The EPA also warned that we will have to develop a range of carbon sinks – natural or artificial reservoirs that accumulate and store carbon-containing chemical compounds – including increasing the amount of land we have under forest.
It reminded Government that a fifth of the reduction in GHG emissions expected by them by 2015 are coming from policies and measures that still haven’t been devised.
Furthermore, up to 35% of emission reductions expected by Government by 2020 are also emanating from unspecified policies and measures.
EPA director general Dr Mary Kelly said that yesterday’s figures reflect the downturn, and also the anticipated recovery, based on ESRI economic forecasts.
“Even with reductions due to the downturn, it is projected that Ireland will still be 2.8 million tonnes per annum of CO2 above the non-ETS target in 2020 taking the most ambitious scenarios set out in Government policies and assuming that forestry sinks are fully included.”
According to the EPA, our transport emissions will slow significantly over the next 10 years compared to the growth rates between 1990 and 2008. However the key sectors that will contribute to gas emissions remain agriculture, energy and transport.
Greenhouse gas emission projections have been produced by the EPA for both the Kyoto period up to 2012 and the EU Commission’s Energy and Climate Package’s 2020 deadline.

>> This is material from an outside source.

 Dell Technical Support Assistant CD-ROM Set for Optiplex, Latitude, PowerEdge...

Using two different scenarios, they predict outlook for greenhouse gas emissions in 2012 and 2020.
The 2020 EU targets are based around a 20% reduction in greenhouse gas emissions compared to 2005.

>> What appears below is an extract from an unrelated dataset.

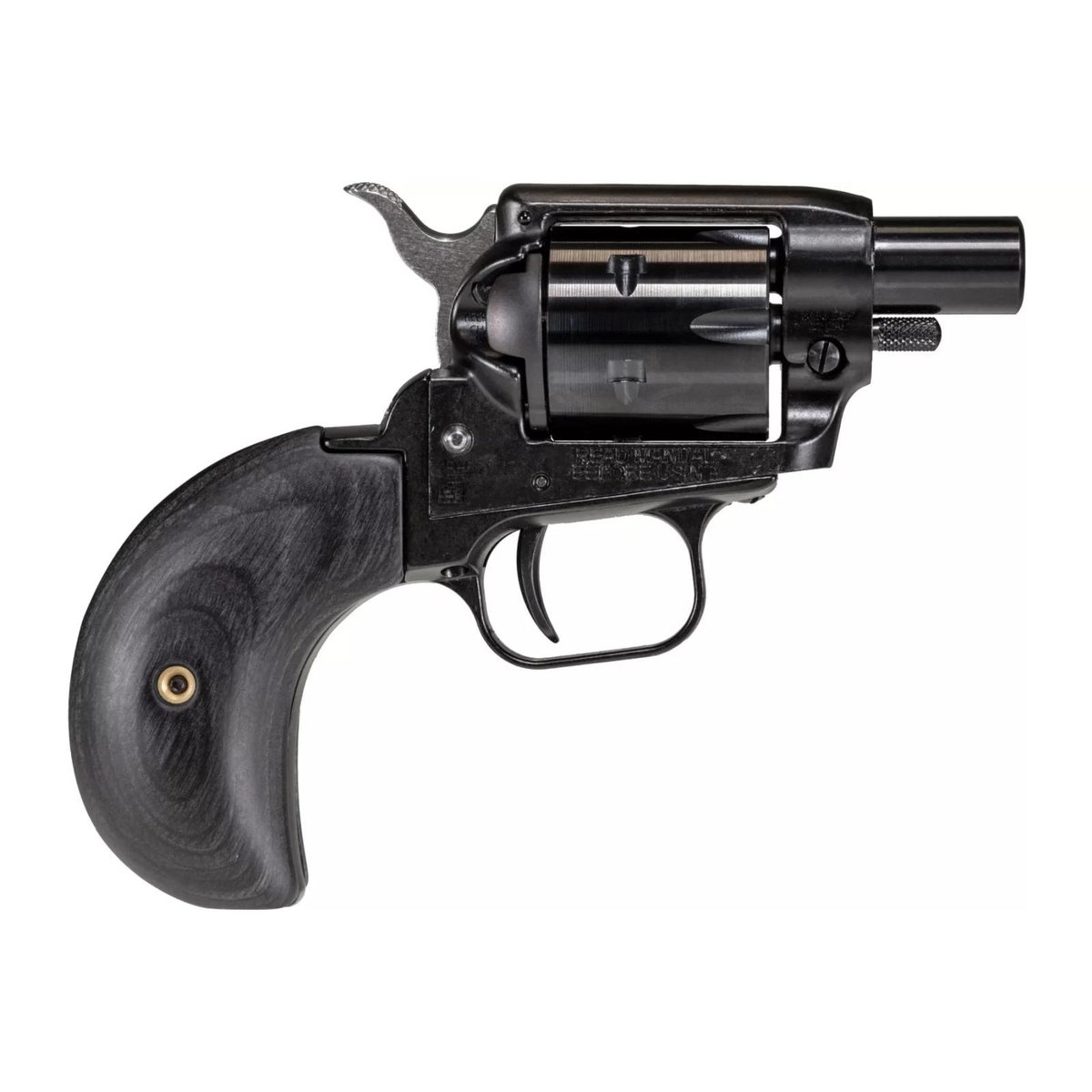 Heritage Arms Barkeep Boot .22 LR Revolver 6rd Black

“This target is particularly difficult to achieve as it excludes those sectors covered by the Emissions Trading Scheme (ETS) and applies to agriculture, transport, residential and other sectors, where it is much more difficult to achieve reductions. Not all the targets factored into the projections are associated with detailed policies and measures. Now is the time to develop further policies,” said Dr Kelly.